Essay: The One Percent Court, by Bill Moyers and Bernard Weisberger

http://billmoyers.com/2012/09/13/essay-the-one-percent-court/



Essay: The One Percent Court

September 13, 2012

by Bill Moyers and Bernard Weisberger


A version of this essay will appear in an upcoming issue of The Nation, focusing on the Supreme Court. It will be available on newsstands Sept. 20, 2012.


Why a special issue of The Nation devoted to the Supreme Court? Because with partisan gridlock paralyzing both the president and Congress, the Court has more than ever become “the decider” — the most powerful branch of government, and one at the center of a controversy whose outcome may shape the course of democracy for generations to come.

By a paradox both historical and constitutional, the political appointees on the Roberts Court will never have to answer for their decisions to voters like you and me. Nor to the president or Congress: once they are confirmed, the Supreme Court’s justices, like all federal judges, serve for life or “good behavior.”

The Constitution’s framers meant to secure the Court against political pressure from the electorate and arbitrary dismissal of its members from on high by presidents dissatisfied with their decisions. As the third branch of the new national government — one whose powers were to be divided to block overreach by any one of them — the Court would be equal to the executive and legislative arms, even though the president appointed its members with the concurrence of the Senate.

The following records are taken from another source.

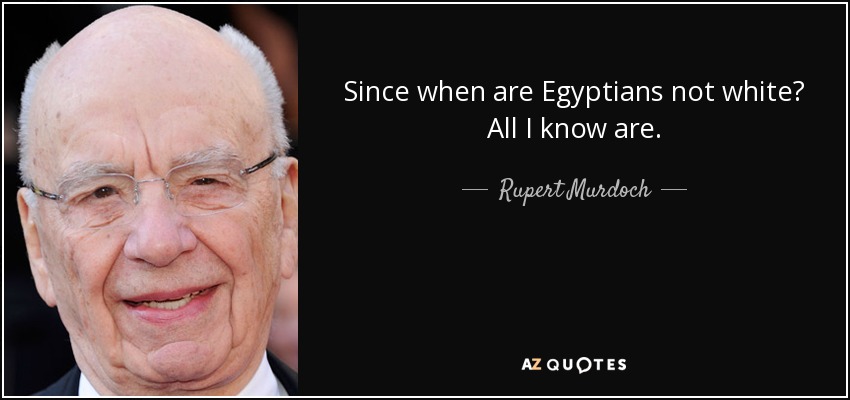Since when are Egyptians not white? All I know are. - Rupert Murdoch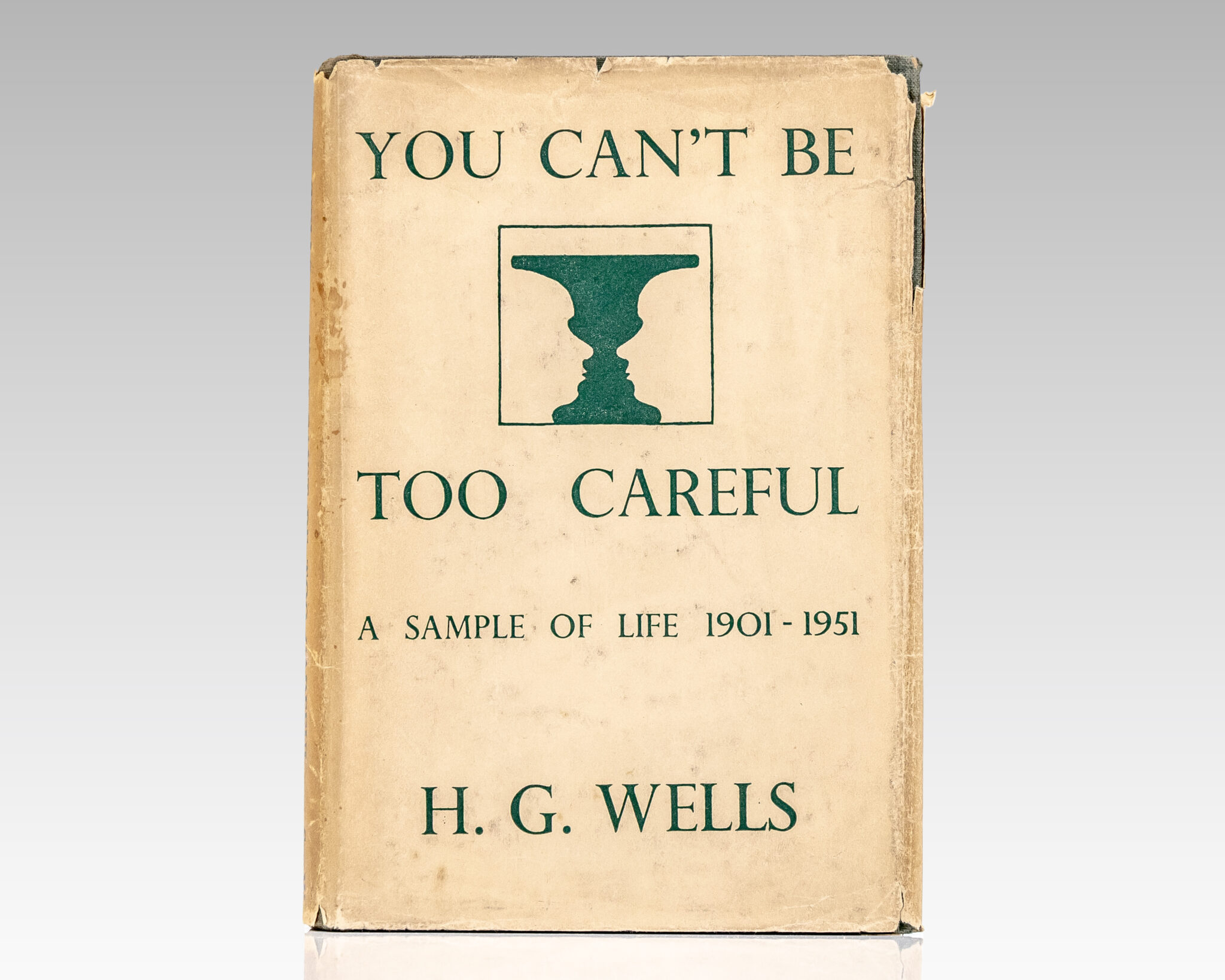 You Can't be Too Careful: A Sample of Life 1901-1951.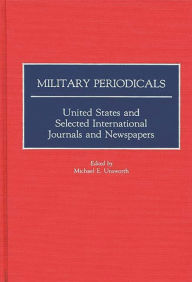 Title: Military Periodicals: United States and Selected International Journals and Newspapers, Author: Michael E. Unsworth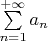 $\sum\limits_{n=1}^{+ \infty} a_n$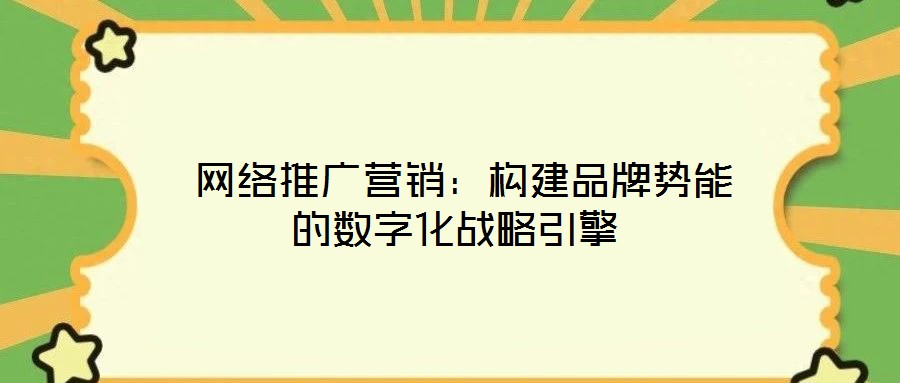  網(wǎng)絡(luò)推廣營(yíng)銷：構(gòu)建品牌勢(shì)能的數(shù)字化戰(zhàn)略引擎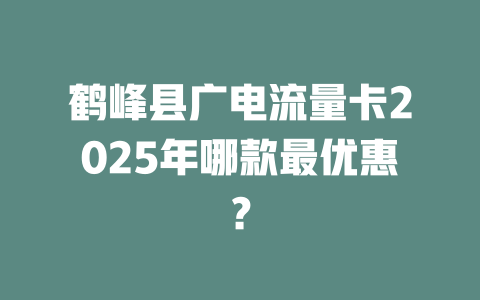 鹤峰县广电流量卡2025年哪款最优惠？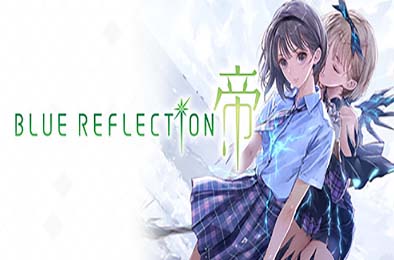 蓝色反射：帝 / 蔚蓝反射：帝 / BLUE REFLECTION Second Light v1.04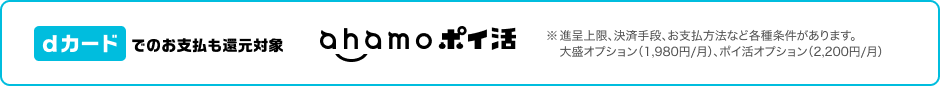 dカードでのお支払いも還元対象。ahamo ポイ活。大盛りオプションは税込1,980円／月、ポイ活オプションは税込2,200円／月。進呈上限、決済手段、お支払方法など各種条件があります。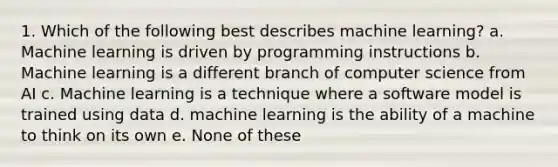 1. Which of the following best describes machine learning? a. Machine learning is driven by programming instructions b. Machine learning is a different branch of computer science from AI c. Machine learning is a technique where a software model is trained using data d. machine learning is the ability of a machine to think on its own e. None of these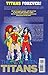 The New Teen Titans, Vol. 1
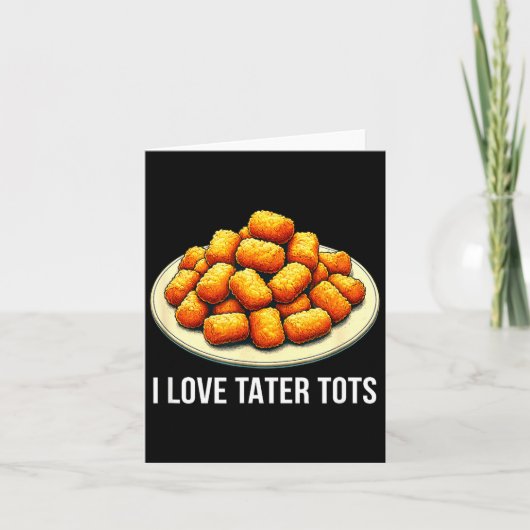 I Love Tater Tots -  Karte (Vorderseite)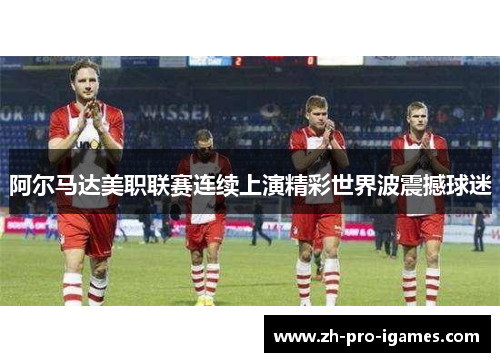 阿尔马达美职联赛连续上演精彩世界波震撼球迷 阿尔马达美职联赛连续上演精彩世界波震撼球迷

That changed dramatically when John Marshall became the fourth chief justice in 1801, shortly before Thomas Jefferson took office. The two brilliant men were bitter rivals, members of opposing parties. Marshall was a Federalist, Jefferson a Republican (no kin to the present GOP). So the supposedly neutral Court has been thrown since its infancy onto the partisan battleground, where it remains today. In a landmark case in 1803, Marshall refused to apply a 1789 law giving Jefferson a power not strictly authorized in the Constitution and therefore “unconstitutional.” With that decision, the Court was no longer merely equal to the other two branches. It had become superior — the last word on how the Constitution should be interpreted — and its lifelong members would never risk their jobs, no matter how much they fell out of step with changing times and values.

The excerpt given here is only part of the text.